Trust your common sense to figure out what you need to know, and don't be afraid to ask a dumb question. If the expert thinks you're dumb, that's his problem.
The Tyranny of the Final Product
[...] there are many good reasons for writing that have nothing to do with getting published. Writing for yourself is a powerful search mechanism: there's no better way to find out who you are and what you know and what you think. Writing for your children and your grandchildren – the family history or the personal or local memoir – is also satisfying.
We can write to affirm and to celebrate, or we can write to debunk and to destroy; the choice is ours.
A Writer's Decisions
Learning how to organize a long article is just as important as learning how to write a clear and pleasing sentence. All your clear and pleasing sentences will fall apart if you don't keep remembering that writing is linear and sequential, that logic is the glue that holds it together, that tension must be maintained from one sentence to the next and from one paragraph to the next and from one section to the next, and that narrative – good old-fashioned storytelling – is what should pull your readers along without their noticing the tug. The only thing they should notice is that you have made a sensible plan for your journey. Every step should seem inevitable.
The hardest decision about any article is how to begin it. The lead must grab the reader with a provocative idea and continue with each paragraph to hold him or her in a tight grip, gradually adding information. The point of the information is to get readers so interested that they will stick around for the whole trip.
Readers can process only one idea at a time, and they do it in linear sequence. Much of the trouble that writers get into comes from trying to make one sentence do too much work. Never be afraid to break a long sentence into two short ones, or even three.
No less important than decisions about structure are decisions about individual words. Banality is the enemy of good writing; the challenge is to not write like everybody else.
No writing decision is too small to be worth a large expenditure of time. Both you and the reader know it when your finicky labor is rewarded by a sentence coming out right.
Readers should always feel that you know more about your subject than you've put in writing.
As a nonfiction writer you must get on the plane. If a subject interests you, go after it, even if it's in the next county or the next state or the next country. It's not going to come looking for you.
Decide what you want to do.

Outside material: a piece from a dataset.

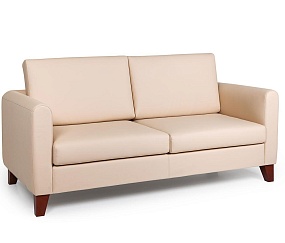 Офисный диван Берген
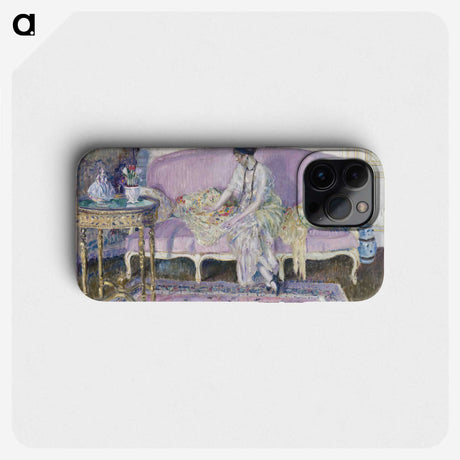 1-30_Saint-Louis-Art-Museum_phone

Then decide to do it. Then do it.
Write as Well as You Can
[...] good writing can appear anywhere, even in the lowly newspaper, and that what matters is the writing itself, not the medium where it's published.
[...] quality is its own reward.
If you would like to write better than everybody else, you have to want to write better than everybody else. You must take an obsessive pride in the smallest details of your craft. And you must be willing to defend what you've written against the various middlemen – editors, agents and publishers – whose sights may be different from yours, whose standards not as high.
What a good editor brings to a piece of writing is an objective eye that the writer has long since lost, and there is no end of ways in which an editor can improve a manuscript: pruning, shaping, clarifying, tidying a hundred inconsistencies of tense and pronoun and location and tone, noticing all the sentences that could be read in two different ways, dividing awkward long sentences into short ones, putting the writer back on the main road if he has strayed down a side path, building bridges where the writer has lost the reader by not paying attention to his transitions, questioning matters of judgment and taste. An editor's hand must also be invisible. Whatever he adds in his own words shouldn't sound like his own words; they should sound like the writer's words.
Writing well means believing in your writing and believing in yourself, taking risks, daring to be different, pushing yourself to excel. You will write only as well as you make yourself write.